ゲスト/ベテル泌尿器科クリニック 三熊 直人 院長

前立腺肥大症とはどのような病気ですか。
 前立腺肥大症は中高年男性でよくみられる前立腺の良性腫瘍(しゅよう)で、加齢とともに増加します。近年では前立腺肥大症の発症時期が若年齢化の傾向にあり、40代から悩みを抱える人もおられます。また、以前にはほとんど見ることのなかった、前立腺の推定重量が100〜200gにも及ぶケースも増えてきています。その原因は不明ですが、食生活の欧米化により、動物性タンパク質や脂肪を多く摂取するようになったことが要因の一つと考えられます。
 初期の自覚症状はおしっこが近い、夜中に何回もおしっこに起きるなどの頻尿です。肥大が進んでくると尿道が圧迫されて、尿の勢いが悪くなります。また、就寝後に2回以上おしっこに起きる夜間頻尿の患者さんでは、おしっこに起きた時に転倒して骨折したり、脳梗塞(こうそく)や心筋梗塞の発症により、死亡率が夜間頻尿のない場合の2~3倍になる事も知られています。

前立腺肥大症の治療について教えてください。
 症状が軽度であれば投薬による治療を行います。しかし、前立腺重量が35gを超えるようになると、薬によっては十分な症状の改善が得られず、外科的治療を考慮する必要があります。

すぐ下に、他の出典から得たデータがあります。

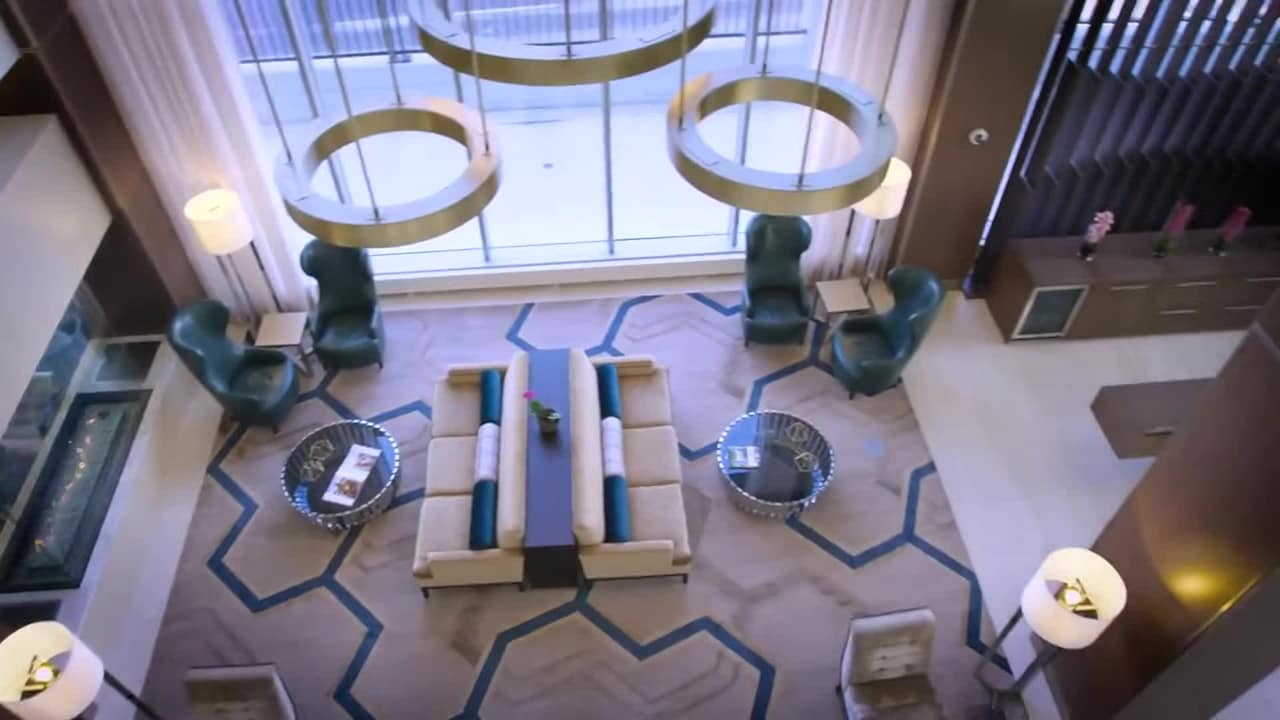Property video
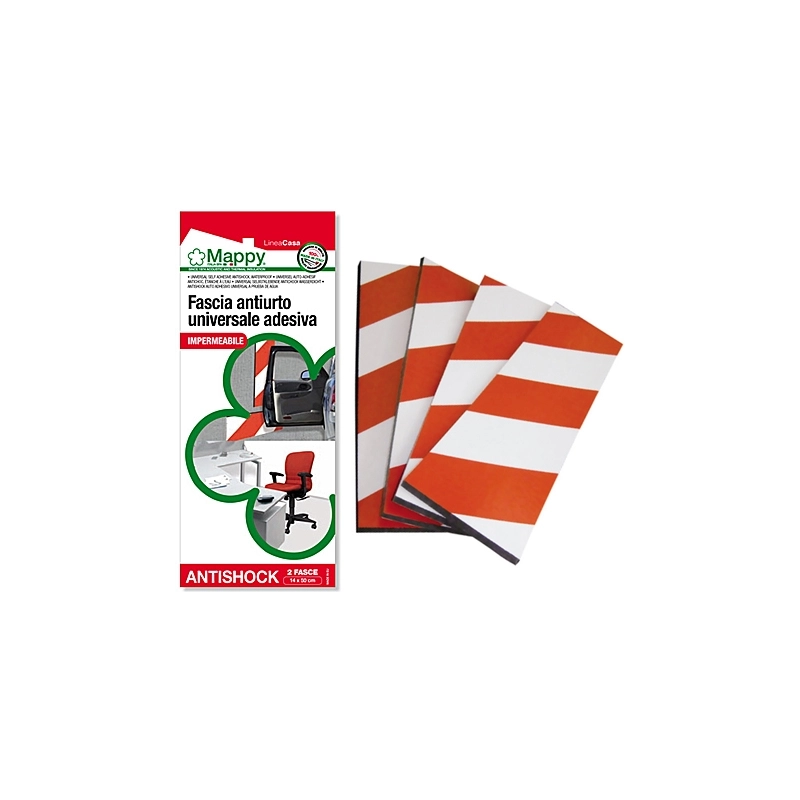 FASCIA ADESIVA ANTISHOCK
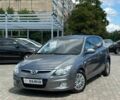 Хендай i30 2008 в Кривом Роге на Automoto.ua Серый Хендай i30, объемом двигателя 1.6 л и пробегом 277 тыс. км за 5400 $, фото 1 на Automoto.ua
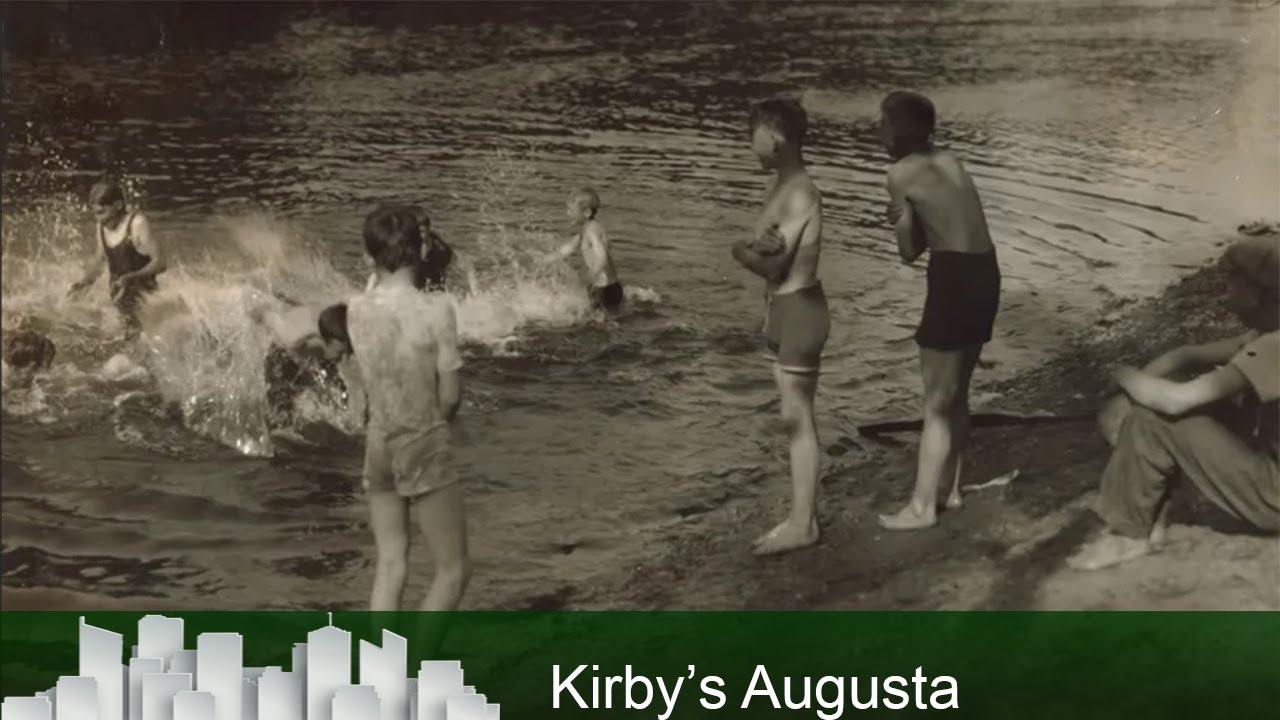 Kirby's Augusta - Getzen's Pond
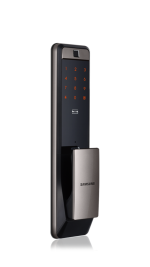 دستگیره دیجیتالی سامسونگ مدل DP609 | ارغوان درب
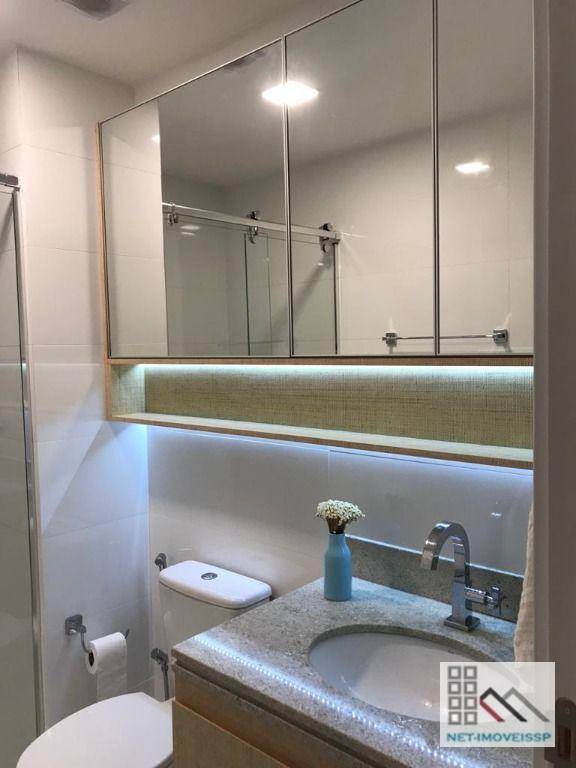 Apartamento à venda com 1 quarto, 44m² - Foto 21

 外科的治療には多くの方法がありますが、新しい治療法として注目されているのがホルミウムレーザーによる経尿道的前立腺核手術(HoLEP:ホーレップ)です。ホーレップでは尿道内から前立腺の肥大した部分のみをくり抜くように切除します。この方法では再発のリスクが低く、また、出血が少なく回復が早いため入院期間も短縮できます。当院では2005年1月5日から2010年12月6日までにホーレップの手術件数が1420件に上りますが、患者さんに最も喜ばれているのが術後の痛みがほとんど無いという事です。
 薬による治療で十分な患者さんも多くいらっしゃいます。しかし、手術以外に症状を改善できない状態でも、漫然と薬を飲み続けている患者さんも少なくありません。手術による痛み、出血そして再発などの問題を考慮するとHoLEPは、前立腺肥大症を抱えたすべての患者さんにとって良い知らせであると思います。